On her decision to sell her clothes, Dunham told the New York Times, “the clothes for me brought back a lot,” adding, “I was like, ‘There’s a paparazzi picture of me eating a quesadilla in that!’ I don’t want to remember, but there it is.” She said: “I realised I had been carrying around a lot of crap, both internally and externally”. The pieces range from an American size four to a 12, on which Dunham said, “I like being a woman who’s not typical Hollywood size putting beautiful designer things out into the world”.

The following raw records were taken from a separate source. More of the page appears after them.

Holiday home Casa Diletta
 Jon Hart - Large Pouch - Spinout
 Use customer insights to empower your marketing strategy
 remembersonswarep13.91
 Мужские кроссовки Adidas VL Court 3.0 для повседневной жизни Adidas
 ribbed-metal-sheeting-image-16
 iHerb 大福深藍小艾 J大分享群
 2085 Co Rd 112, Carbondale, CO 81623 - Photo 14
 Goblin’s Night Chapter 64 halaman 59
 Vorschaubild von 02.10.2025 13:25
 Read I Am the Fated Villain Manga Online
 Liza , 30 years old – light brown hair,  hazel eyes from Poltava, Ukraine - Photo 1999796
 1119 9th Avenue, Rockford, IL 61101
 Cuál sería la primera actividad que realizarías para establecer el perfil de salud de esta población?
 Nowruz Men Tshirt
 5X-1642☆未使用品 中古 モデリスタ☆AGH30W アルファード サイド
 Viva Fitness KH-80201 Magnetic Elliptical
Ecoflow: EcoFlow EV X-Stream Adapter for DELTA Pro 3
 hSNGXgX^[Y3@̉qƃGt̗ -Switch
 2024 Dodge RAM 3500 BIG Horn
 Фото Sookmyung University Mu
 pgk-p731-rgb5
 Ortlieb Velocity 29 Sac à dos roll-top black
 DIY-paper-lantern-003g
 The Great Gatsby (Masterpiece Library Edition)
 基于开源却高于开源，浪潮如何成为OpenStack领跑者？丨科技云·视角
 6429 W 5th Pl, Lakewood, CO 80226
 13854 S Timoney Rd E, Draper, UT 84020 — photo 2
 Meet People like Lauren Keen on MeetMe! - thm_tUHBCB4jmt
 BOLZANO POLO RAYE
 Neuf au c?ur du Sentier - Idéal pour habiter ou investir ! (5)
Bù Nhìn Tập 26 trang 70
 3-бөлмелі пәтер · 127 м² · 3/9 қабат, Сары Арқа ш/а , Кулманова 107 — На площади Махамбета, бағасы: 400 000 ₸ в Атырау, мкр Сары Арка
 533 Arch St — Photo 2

All proceeds from the sales will go to Planned Parenthood, an organisation that Dunham has been a supporter of for years. Earlier this year, Dunham co-produced a short animated documentary titled 100 Years, in which Meryl Streep, Hari Nef, Mindy Kaling, Jennifer Lawrence, Constance Wu and America Ferrera all lend their voices as film narrators. The doc traces the creation of Planned Parenthood and the life of its founder Margaret Sanger, chronicling the creation of birth control, the landmark Roe v. Wade case that extended the right to privacy for women having abortions and the damaging Hyde Amendment that disallowed women from using federal aid for terminations.
On the decision to donate right now, she said, “if you had told me six years ago that we would be in the place we are now, I would have said that you were crazy,” adding, “and now, The Handmaid’s Tale just seems too real. It’s a very, very challenging moment to be a woman in America. Planned Parenthood’s never been more essential. The work that I’ve done with them has really become front and center to my life, really as important to me as my art in a lot of ways.”
She knows, though, especially after the recent Lamby controversy, that she doesn’t have a whole lot of loving fans. “Probably some people will buy the clothes because they hate me and burn them. And I bless them, too. The money’s still going to Planned Parenthood.”